PerfectPenquins · 11/08/2019 16:14

It dosnt have to take years or cost a lot of money. My brother represented himself, it was written into their court order and so he booked it for on his contact time and that's it. You don't need to have solicitors or anything. He also had I think it's called power of arrest in the order so if either of the parents refused contact that parent could be arrested.

Rainbowhairdontcare · 11/08/2019 16:17

Penguins would you take someone to court if otherwise the relationship is civil?

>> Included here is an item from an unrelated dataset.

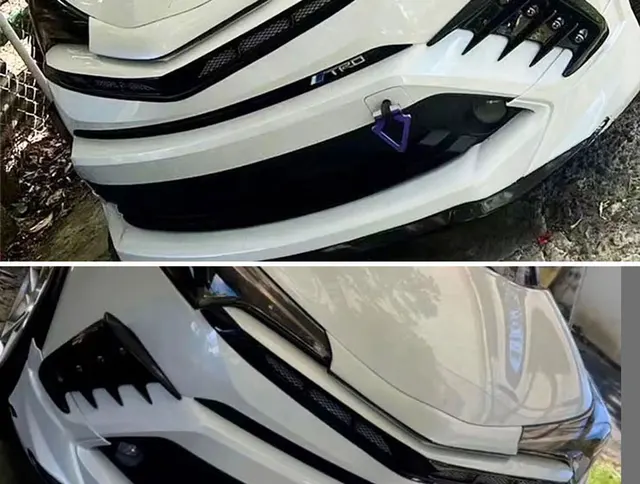 Front Bumper Cover カーボンファイバーフロントバンパーリッププロテクターカバートリム3ピースホンダアコード2018-19 Carb Front Bumper Cover ABSカーボンファイバーフロントバンパーカバー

Frankly I wouldn't think holidays abroad would be worth over decent co-parenting.
Unfortunately my DSC will miss out because of their DMs irrational fear of mass shootings, to her that's a red line. nothing we can do about it.

hsegfiugseskufh · 11/08/2019 16:18

But it can take years and it can cost a lot of money. Maybe it was simple for your brother but its not fot everyone.

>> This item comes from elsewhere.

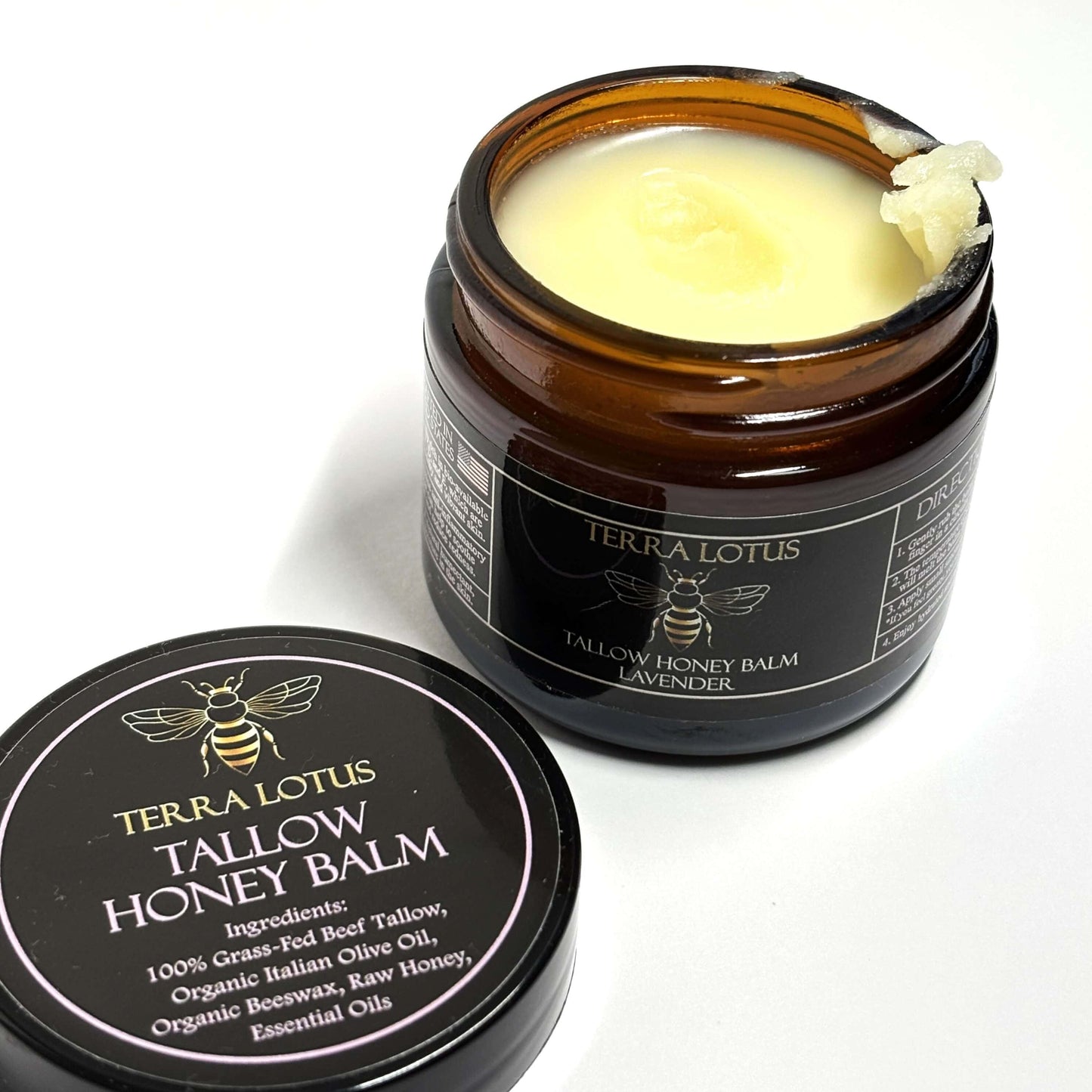 Terra Lotus Grass-Fed Beef Tallow Balm for Skin & Body, Nourishing Skincare Balm 2oz, Lavender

If your ex is the kind of person who stops contact at the drop of a hat you may have to go back to court several times...

Its really easy to not comply with a contact order ..

I am not familiar with power of arrest but i assume its not in most contact orders as police are usually not interested in this kind of thing because its a civil matter.

Chloecoconut · 11/08/2019 16:19

@rainbowhairdontcare - this was our problem this year. SC (13) was offered (again) the chance to come abroad with us but instead said they’d spend just under a week with us but it HAD to be in the UK (although SC goes abroad with mum no problem). So DH, myself and my children went abroad as we got a cheap deal. Not only that but we’ve had a rough year and, rather selfishly it would seem, needed sun and to chill out for a week. The dates that we were then given to choose from to take SC away just didn’t work due to DH’s job and two commitments that couldn’t be moved. Long story short, SC has chosen not to spend any time with us this holiday as we are not taking them on a ‘holiday’. Lots of options offered around this, including a short break solely with dad and some family time, however it appears that none of this is good enough. I’m not going to not take my DC’s on holiday abroad just because SC declines the offer to come with us and sees the alternatives offered as not good enough. SC is treated the same as the others (although this appears to be an issue now as apparently SC should be treated differently) and if they choose not to come then that’s their decision.

PinkGinny · 11/08/2019 16:20

@JoanMavisIcecreamGirl there's been no whinging or babbling from me [shrug]

Same old same old really.

In my view the OP is wrong. I'm allowed my view. I'm not alone in that view.

hsegfiugseskufh · 11/08/2019 16:21

You are allowed a view. So am i....

PerfectPenquins · 11/08/2019 16:25

Rainbow - does mum not want the kids to visit America? Is that something you can work around and visit somewhere else? Maybe that would put her at ease?

Joan
You need to request power of arrest I'm not sure that's the exact term, and prove there has been previous issues of contact refusal which is fairly easy. It won't be granted otherwise. This means the police have to step in they can't dismiss it as a civil matter. It never came to that but is there if needed.

Rainbowhairdontcare · 11/08/2019 16:34

That's correct Penquins it's non negotiable. My family lives across the pond. Will I then not let my DD and my DS not to spend time with their family because I can't take their step/half siblings? No chance. The SDC are very aware it's their DM who's not letting them. I don't think they're even allowed to talk about when they're with their DM. But apart from that we're all civil and try to work what's best for all DC.